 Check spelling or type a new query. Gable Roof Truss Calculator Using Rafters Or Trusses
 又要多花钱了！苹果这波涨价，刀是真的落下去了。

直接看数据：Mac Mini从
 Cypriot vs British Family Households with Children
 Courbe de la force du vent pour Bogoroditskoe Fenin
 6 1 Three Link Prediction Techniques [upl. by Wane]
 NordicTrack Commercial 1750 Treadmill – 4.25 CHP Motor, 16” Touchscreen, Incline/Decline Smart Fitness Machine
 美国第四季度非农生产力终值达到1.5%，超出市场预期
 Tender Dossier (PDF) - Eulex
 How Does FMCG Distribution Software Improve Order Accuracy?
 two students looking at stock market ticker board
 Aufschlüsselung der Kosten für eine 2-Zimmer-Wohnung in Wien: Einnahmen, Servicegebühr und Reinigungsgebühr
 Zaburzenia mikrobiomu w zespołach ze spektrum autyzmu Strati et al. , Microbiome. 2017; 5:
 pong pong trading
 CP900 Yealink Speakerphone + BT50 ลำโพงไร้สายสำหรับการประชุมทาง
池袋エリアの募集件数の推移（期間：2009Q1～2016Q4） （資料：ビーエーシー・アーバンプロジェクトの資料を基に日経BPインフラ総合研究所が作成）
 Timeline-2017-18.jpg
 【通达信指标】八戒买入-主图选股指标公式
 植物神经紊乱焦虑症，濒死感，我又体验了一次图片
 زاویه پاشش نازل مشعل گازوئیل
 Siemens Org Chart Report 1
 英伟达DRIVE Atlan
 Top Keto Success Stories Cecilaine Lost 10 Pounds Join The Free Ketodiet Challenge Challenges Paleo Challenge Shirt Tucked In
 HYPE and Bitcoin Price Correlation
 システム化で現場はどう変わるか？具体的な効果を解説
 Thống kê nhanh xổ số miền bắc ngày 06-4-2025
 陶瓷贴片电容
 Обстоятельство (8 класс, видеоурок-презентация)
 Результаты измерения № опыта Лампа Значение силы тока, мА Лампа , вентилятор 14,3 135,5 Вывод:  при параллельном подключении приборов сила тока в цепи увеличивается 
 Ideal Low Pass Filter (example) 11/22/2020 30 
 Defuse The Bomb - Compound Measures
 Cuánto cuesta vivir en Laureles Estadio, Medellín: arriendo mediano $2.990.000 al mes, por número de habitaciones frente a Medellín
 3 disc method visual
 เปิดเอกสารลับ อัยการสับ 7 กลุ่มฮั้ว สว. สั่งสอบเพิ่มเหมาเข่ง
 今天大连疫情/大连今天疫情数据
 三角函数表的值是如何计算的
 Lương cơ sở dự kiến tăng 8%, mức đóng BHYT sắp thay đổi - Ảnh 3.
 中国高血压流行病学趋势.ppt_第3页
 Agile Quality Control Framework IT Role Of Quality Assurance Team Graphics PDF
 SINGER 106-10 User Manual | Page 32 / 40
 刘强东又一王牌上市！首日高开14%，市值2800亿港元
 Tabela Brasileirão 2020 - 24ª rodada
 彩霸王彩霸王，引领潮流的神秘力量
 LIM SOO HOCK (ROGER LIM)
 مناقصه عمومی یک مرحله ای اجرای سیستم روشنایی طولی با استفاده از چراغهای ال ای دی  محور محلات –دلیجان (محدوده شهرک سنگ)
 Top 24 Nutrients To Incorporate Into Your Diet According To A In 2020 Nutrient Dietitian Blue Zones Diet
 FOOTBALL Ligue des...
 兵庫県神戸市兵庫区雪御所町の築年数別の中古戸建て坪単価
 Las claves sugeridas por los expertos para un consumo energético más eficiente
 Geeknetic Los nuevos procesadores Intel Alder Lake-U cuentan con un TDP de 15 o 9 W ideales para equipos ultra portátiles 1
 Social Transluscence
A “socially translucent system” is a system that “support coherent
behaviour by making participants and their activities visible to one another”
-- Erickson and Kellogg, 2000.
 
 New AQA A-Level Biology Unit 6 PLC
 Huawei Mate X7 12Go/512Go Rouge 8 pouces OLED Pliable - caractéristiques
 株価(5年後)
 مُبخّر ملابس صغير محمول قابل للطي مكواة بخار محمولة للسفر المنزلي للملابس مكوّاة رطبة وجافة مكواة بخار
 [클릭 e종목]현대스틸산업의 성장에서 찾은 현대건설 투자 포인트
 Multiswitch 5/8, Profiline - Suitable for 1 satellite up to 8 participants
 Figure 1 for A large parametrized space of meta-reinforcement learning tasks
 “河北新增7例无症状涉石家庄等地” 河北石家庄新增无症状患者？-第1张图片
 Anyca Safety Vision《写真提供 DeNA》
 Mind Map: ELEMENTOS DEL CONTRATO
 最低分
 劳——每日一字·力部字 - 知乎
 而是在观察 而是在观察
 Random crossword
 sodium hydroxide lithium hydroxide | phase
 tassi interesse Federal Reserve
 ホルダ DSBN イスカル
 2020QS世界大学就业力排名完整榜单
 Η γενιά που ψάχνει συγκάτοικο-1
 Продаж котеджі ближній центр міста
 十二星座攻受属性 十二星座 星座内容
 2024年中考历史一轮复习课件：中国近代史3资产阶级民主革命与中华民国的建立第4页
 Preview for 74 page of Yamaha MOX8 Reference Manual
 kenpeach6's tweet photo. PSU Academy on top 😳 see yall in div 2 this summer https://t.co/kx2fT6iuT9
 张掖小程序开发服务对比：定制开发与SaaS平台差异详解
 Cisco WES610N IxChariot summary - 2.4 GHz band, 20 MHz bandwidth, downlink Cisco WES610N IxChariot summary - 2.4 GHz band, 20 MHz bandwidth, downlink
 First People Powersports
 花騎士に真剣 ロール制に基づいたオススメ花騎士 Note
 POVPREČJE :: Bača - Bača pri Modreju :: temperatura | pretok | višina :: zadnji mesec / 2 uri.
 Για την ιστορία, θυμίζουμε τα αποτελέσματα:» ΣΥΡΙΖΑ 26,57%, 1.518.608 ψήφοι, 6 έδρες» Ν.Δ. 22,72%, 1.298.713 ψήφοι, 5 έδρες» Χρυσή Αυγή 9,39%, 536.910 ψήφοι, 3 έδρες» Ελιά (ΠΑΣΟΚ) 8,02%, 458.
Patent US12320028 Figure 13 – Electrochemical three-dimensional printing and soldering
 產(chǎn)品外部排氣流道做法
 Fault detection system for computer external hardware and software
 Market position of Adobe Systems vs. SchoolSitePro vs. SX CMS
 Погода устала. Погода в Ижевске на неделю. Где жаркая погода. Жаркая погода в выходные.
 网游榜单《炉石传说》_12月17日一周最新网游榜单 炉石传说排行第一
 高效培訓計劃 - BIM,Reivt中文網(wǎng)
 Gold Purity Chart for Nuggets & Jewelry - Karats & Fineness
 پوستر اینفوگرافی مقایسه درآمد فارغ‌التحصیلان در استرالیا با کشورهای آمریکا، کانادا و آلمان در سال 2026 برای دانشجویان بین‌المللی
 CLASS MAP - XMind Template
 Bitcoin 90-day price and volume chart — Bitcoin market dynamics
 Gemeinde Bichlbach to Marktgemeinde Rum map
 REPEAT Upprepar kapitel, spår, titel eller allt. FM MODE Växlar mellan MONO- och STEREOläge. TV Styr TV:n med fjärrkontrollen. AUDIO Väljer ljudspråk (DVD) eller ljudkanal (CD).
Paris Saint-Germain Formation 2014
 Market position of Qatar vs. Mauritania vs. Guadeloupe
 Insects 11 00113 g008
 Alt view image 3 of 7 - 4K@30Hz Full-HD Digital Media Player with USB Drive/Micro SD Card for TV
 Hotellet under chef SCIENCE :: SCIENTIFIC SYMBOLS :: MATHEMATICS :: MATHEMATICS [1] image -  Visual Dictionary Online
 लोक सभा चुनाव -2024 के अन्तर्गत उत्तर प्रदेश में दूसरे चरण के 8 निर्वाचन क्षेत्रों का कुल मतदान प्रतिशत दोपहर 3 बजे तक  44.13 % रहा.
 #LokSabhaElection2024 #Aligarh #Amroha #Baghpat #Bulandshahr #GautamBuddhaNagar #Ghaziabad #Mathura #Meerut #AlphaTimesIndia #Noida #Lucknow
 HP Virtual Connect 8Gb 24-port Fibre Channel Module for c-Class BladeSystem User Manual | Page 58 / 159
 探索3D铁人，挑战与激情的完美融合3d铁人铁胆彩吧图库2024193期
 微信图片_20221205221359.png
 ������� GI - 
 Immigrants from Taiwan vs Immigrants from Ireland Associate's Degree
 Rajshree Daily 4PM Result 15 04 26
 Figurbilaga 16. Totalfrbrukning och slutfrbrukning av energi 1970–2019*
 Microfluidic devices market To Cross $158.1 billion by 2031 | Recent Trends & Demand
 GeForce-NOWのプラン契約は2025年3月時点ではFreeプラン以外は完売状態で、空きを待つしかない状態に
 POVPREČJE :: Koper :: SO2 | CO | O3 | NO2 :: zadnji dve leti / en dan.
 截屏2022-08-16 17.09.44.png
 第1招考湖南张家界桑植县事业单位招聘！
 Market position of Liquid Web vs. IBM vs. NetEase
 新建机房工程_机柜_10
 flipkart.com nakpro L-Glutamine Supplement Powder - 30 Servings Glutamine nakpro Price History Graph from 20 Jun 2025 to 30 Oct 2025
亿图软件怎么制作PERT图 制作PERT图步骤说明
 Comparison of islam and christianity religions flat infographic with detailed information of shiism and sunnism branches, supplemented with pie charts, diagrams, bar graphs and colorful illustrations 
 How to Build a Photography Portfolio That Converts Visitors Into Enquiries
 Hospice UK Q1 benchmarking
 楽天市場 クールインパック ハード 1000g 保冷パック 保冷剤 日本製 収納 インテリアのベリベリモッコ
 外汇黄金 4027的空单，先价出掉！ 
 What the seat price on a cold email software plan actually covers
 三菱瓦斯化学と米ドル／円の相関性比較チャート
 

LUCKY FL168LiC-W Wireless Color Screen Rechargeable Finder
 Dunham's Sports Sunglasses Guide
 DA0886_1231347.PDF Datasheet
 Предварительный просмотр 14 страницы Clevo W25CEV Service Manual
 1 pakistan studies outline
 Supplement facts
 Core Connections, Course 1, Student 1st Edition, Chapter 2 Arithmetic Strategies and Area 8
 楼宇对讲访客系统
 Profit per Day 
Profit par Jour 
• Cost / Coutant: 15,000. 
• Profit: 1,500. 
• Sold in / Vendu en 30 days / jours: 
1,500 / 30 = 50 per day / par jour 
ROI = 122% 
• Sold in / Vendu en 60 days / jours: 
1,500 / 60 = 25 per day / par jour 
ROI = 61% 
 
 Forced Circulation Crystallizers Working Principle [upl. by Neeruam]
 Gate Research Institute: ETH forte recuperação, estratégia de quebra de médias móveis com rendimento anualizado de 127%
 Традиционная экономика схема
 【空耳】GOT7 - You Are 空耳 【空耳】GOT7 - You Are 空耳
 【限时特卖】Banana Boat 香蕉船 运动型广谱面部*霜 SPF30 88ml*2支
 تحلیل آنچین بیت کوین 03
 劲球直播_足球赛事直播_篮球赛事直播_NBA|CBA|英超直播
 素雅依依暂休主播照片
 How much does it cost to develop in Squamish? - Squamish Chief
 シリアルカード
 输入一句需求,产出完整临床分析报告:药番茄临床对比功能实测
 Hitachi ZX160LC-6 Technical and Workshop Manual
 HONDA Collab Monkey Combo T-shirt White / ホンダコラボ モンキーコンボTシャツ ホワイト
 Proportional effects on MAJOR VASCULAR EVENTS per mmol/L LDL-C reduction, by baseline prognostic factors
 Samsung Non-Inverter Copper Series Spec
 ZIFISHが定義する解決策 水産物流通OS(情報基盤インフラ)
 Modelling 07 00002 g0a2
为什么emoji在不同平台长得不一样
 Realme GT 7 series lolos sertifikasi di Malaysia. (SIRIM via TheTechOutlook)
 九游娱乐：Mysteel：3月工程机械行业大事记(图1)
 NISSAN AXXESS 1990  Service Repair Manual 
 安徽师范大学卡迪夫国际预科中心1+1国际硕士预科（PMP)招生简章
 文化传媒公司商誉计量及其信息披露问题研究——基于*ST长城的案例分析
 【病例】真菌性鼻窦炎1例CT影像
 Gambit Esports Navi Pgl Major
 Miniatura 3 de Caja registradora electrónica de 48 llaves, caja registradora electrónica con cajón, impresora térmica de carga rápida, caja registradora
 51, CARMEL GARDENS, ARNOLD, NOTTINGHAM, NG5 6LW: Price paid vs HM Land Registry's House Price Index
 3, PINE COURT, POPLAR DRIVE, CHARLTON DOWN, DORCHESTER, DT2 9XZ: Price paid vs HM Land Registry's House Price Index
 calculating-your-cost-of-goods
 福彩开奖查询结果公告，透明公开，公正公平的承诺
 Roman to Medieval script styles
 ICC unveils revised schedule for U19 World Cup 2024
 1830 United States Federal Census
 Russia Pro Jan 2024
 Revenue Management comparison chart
--------------------
PROBLEM TO SOLVE -> Transcribe the lines above between the line holding "Gold Purity Chart" and the line holding "Insects 11 00113 g008", inclusive, exactly as they stand and with nothing added.

FINISHED EXERCISE ->
 Gold Purity Chart for Nuggets & Jewelry - Karats & Fineness
 پوستر اینفوگرافی مقایسه درآمد فارغ‌التحصیلان در استرالیا با کشورهای آمریکا، کانادا و آلمان در سال 2026 برای دانشجویان بین‌المللی
 CLASS MAP - XMind Template
 Bitcoin 90-day price and volume chart — Bitcoin market dynamics
 Gemeinde Bichlbach to Marktgemeinde Rum map
 REPEAT Upprepar kapitel, spår, titel eller allt. FM MODE Växlar mellan MONO- och STEREOläge. TV Styr TV:n med fjärrkontrollen. AUDIO Väljer ljudspråk (DVD) eller ljudkanal (CD).
Paris Saint-Germain Formation 2014
 Market position of Qatar vs. Mauritania vs. Guadeloupe
 Insects 11 00113 g008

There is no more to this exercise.